In order to assess the prospects for and appropriate design of remedial works to protect the embankments at Fort Anne National Historic Site from continuing erosion, a research programme to examine hydrodynamic and sedimentological processes in neighbouring portions of the Annapolis Basin and Estuary was conducted from 12 to 18 June 1994. The project was a cooperative exercise involving three research groups: the Acadia Centre for Estuarine Research, the Atlantic Geoscience Centre (Bedford Institute of Oceanography), and the Institute for Marine Dynamics (National Research Council of Canada, Ottawa). The combined intellectual and material resources of these three groups was essential to the success of the project. Each group also provided 'in-kind' resources in order to enable the project to be completed.

Recording current meters were deployed at three locations in the central axis of the estuary, and at three other locations on the Fort Anne foreshore, to provide data for construction and calibration of a hydrodynamic model.
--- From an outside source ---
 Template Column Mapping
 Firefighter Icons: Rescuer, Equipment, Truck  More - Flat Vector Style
These data were forwarded to the Institute for Marine Dynamics for modelling purposes.

Geotechnical investigations were conducted by the Atlantic Geoscience Centre. Four soil cores were obtained using a portable gravity percussion sampler. Observations during coring indicated that the embankment of the southwest ravelin consists of marine clays with interbedded saltmarsh roots. A small landslip occurred on the seaward face of this slope in March 1994. The laminations exposed by the slip indicate that the embankment is a natural deposit, representing a local topographic high. Vertical standpipes have been installed at the four coring sites along the slope to assist with detection of further movements, and with identification of any internal slip surface. These piezometer pipes are suitable for the monitoring of groundwater levels in the embankment.
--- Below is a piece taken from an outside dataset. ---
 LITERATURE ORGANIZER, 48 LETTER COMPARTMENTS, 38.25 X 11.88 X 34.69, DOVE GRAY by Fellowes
Granulometric tests of cores indicate that the 'red mud' that overlies the glacial till is a silty clay (56% silt, 44% clay) of post-glacial origin. Shear tests confirm previous observations that it is overconsolidated, and has a plasticity index of 29% (liquid limit 55%; plastic limit 26%). Undrained shear strength of undisturbed core subsamples ranged from 180 to 690 kPa.

As a result of observations made during the early field study, plans to reinstate the rockfill berm at the toe of the slope were advanced, and the work was completed by Parks personnel during the summer. Calculations of slope stability indicate that without the rock fill that had eroded away, the slope was unstable; emplacement of approximately 1000 tonnes of rock has reestablished stability for the near future, however, further remediation is required. It is also recommended that water levels in the standpipes be monitored regularly for assessment of the groundwater table.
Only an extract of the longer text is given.